When an area botanist stumbled on a Tamarisk plant at Pearl Lake State Park last summer, Matt Custer knew it was time to take action.
"We formed the Routt County Invasive Plant Posse," said Custer, the Routt County weed control supervisor. Custer is one of four speakers scheduled to appear Thursday at "Tamarisk in the West," a program hosted by the Nature Conservancy.
Tamarisk is a non-native invasive plant that thrives along the banks of the West's major rivers. Tamarisk is the focus of a widespread eradication effort. Not only does it crowd out important native plants, but the deep-rooted plant sucks up a remarkable amount of the region's precious water.
U.S. Rep. Scott McInnis, R-Grand Junction, wrote in a letter to the National Forest Foundation that a single Tamarisk plant can absorb up to 300 gallons of water per day. Total absorption estimates in the West range from 2 million acre-feet to 45.5 million acre-feet of water per year. That's enough to supply 20 million people or irrigate more than 1 million acres of cropland.
"Last year we thought we were OK on Tamarisk," Custer said. "We found a few isolated patches (on the Yampa River) near Hayden. But then a Nature Conservancy staffer on her day off found it at Pearl Lake. Last year, during the worst of the drought, Tamarisk began showing up at high-elevation lakes."
Custer enlisted the help of six volunteers last summer to help him search for and map Tamarisk plants in Routt County. He'll reveal what was learned at Thursday night's meeting.
Tamarisk originally was imported from southeastern Europe and Asia and used in some environments as a windbreak. Efforts to eradicate the plant have been successful in some places where crews cut the stumps of the shrub back to the ground and immediately applied herbicide to the stumps.
Gov. Bill Owens has issued an executive order directing the Department of Natural Resources to develop a plan that would lead to the eradication of tamarisk on public lands within 10 years.

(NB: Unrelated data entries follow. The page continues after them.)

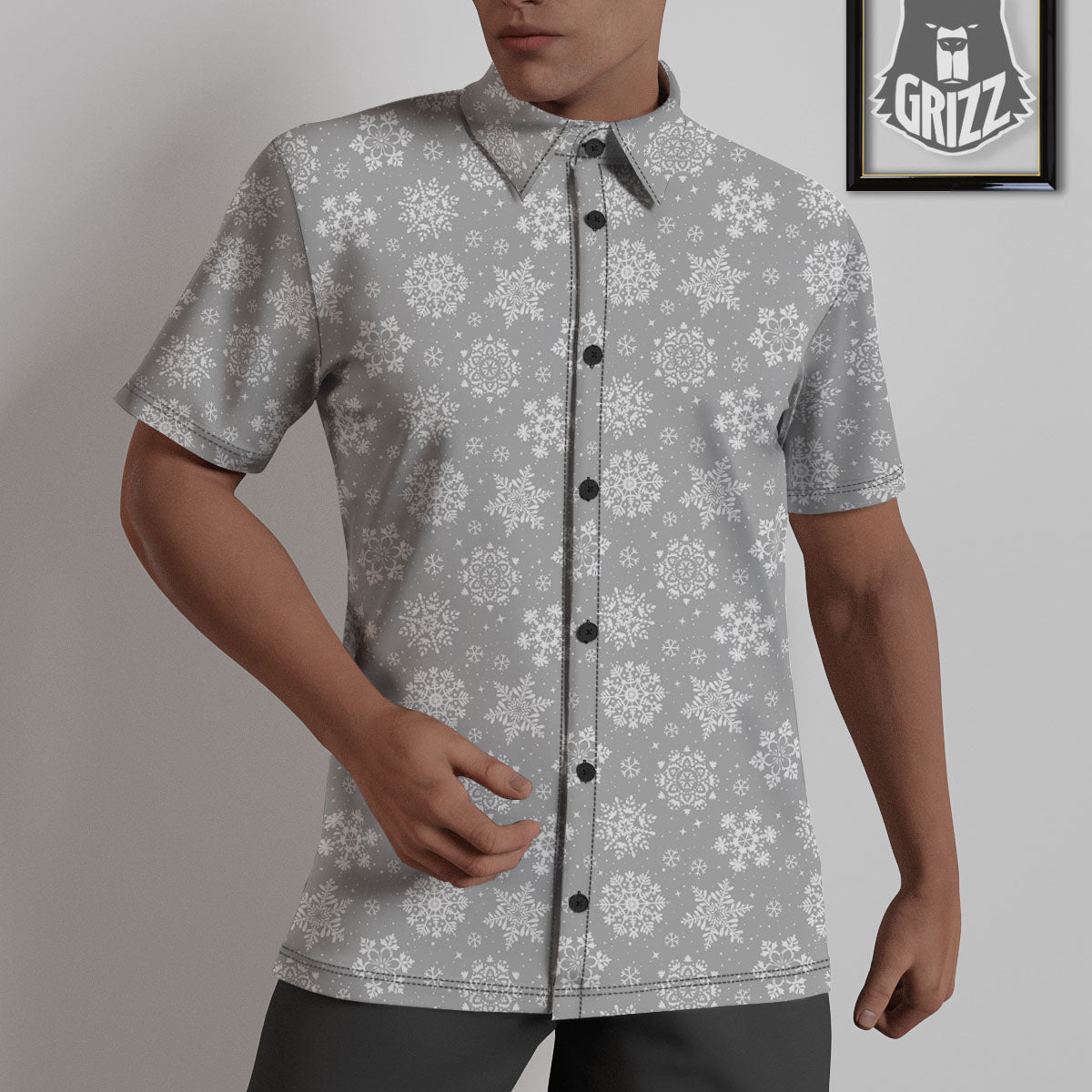 Snowflake Grey And White Print Pattern Untucked Shirts-grizzshop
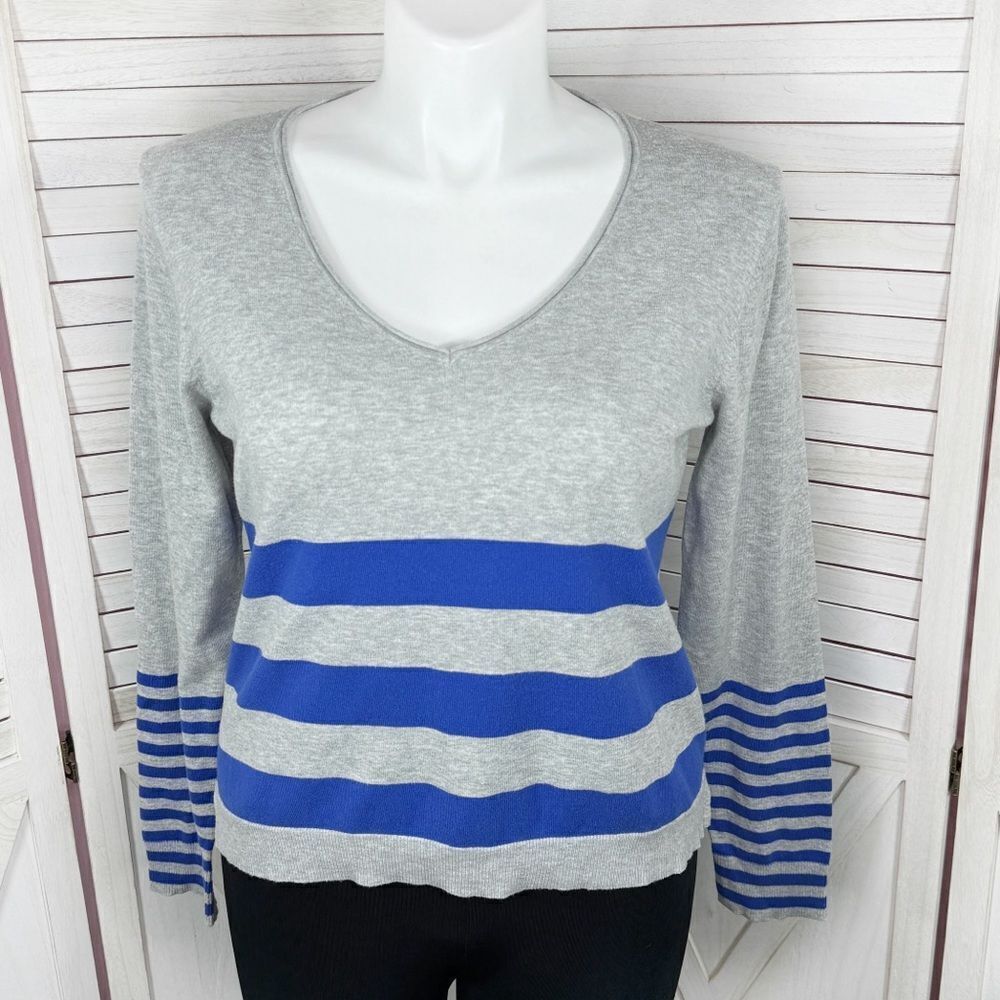 JCP Striped V-neck Popover Sweater Gray Blue XL Long Sleeve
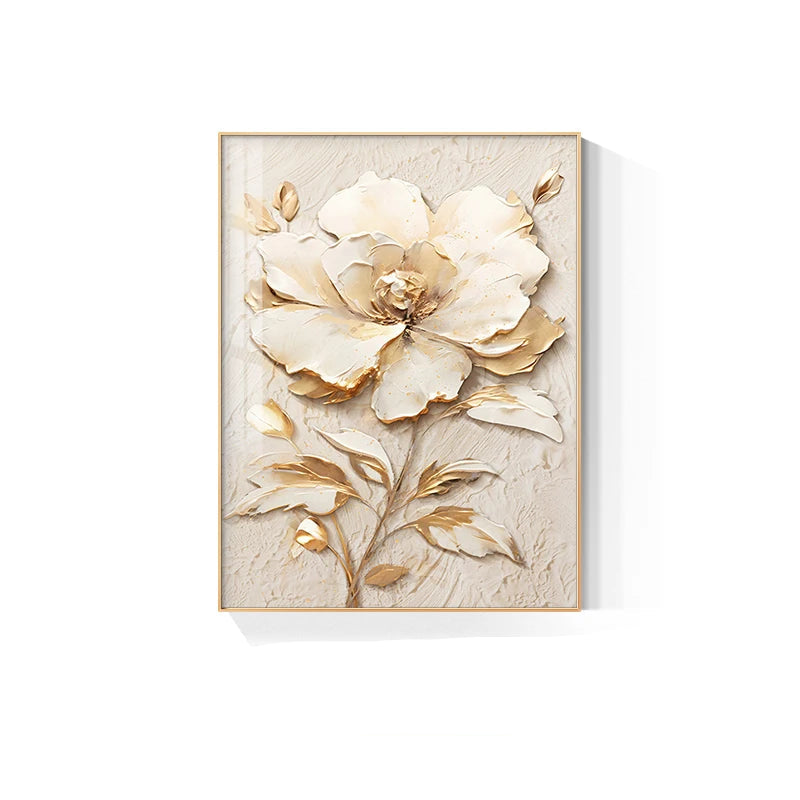 Modern Bohemian Botanical Beige White Floral Wall Art Fine Art Canvas Prints - Modern Art For Living Room Dining Room Bedroom Art For Contemporary Interiors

Among Thursday's speakers will be Tim Carlson, an environmental engineer who also is executive director of the Tamarisk Coalition. He will discuss "Tamarisk: Water and Politics, do they Mix?"
Other presenters include David Merritt, a riparian ecologist, and Tamara Naumann, a botanist with the National Park Service at Dinosaur National Monument. Naumann formed a "weed warrior" program that has involved more than 3,500 volunteers since its beginning in 1996. She is working on an interdisciplinary research program to tackle ecosystem health issues along the Yampa and Green rivers.